24.1.07

INVESTIGACIONES EN ANTROPOLOGÍA POLÍTICA.

Atanasio, shamán de la etnia cofán de la Amazonia ecuatoriana. Foto: Pete Oxford.


Clastres, P (1987). Gedisa, México

Hace algunos años el término etnocidio no existía. En el espíritu de sus inventores esta palabra estaba destinada a traducir una realidad no expresada por ningún otro término, porque había que pensar en algo nuevo o bien algo viejo pero sobre lo que todavía no se había reflexionado. Se consideró inadecuado el término genocidio, cuyo uso estaba muy difundido desde mucho tiempo atrás.

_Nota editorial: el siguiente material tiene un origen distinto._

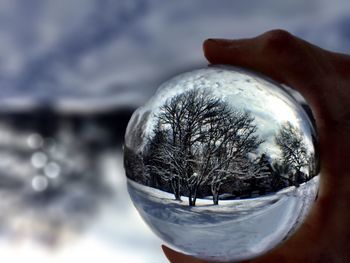 Close-up of hand against sky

El concepto jurídico de genocidio se creó en 1946 durante el proceso de Nuremberg, como toma de conciencia en el plano legal de una criminalidad desconocida hasta el momento: el exterminio sistemático de los judíos europeos por los nazis alemanes. El delito jurídicamente definido como genocidio hunde sus raíces, por tanto, en el racismo. Las guerras coloniales que se sucedieron en el Tercer Mundo a partir de 1945 y que, en algunos casos, todavía perduran, dieron lugar a acusaciones precisas de genocidio contra las potencias coloniales. Pero el juego de las relaciones internacionales y la indiferencia relativa de la opinión pública impidieron lograr un consenso análogo al de Nuremberg; jamás hubo persecuciones.

Si el genocidio antisemita de los nazis fue el primero en ser juzgado por la ley, no fue el primero en perpetrarse. La historia de la expresión occidental en el siglo XIX, de la constitución de los imperios coloniales por las grandes potencias europeas, está jalonado de masacres metódicas de las poblaciones autóctonas. Por la amplitud de la caída demográfica que provocó, el genocidio de los indígenas americanos es el que más ha llamado la atención. A partir del descubrimiento de América en 1492, se puso en marcha una maquinaria de destrucción de los indios. Esta máquina aún funciona allí donde subsisten, por toda la gran selva amazónica, las últimas tribus “salvajes”. En el curso de los últimos años se han denunciado masacres de indios en Brasil, Colombia, Paraguay, y siempre ha sido en vano.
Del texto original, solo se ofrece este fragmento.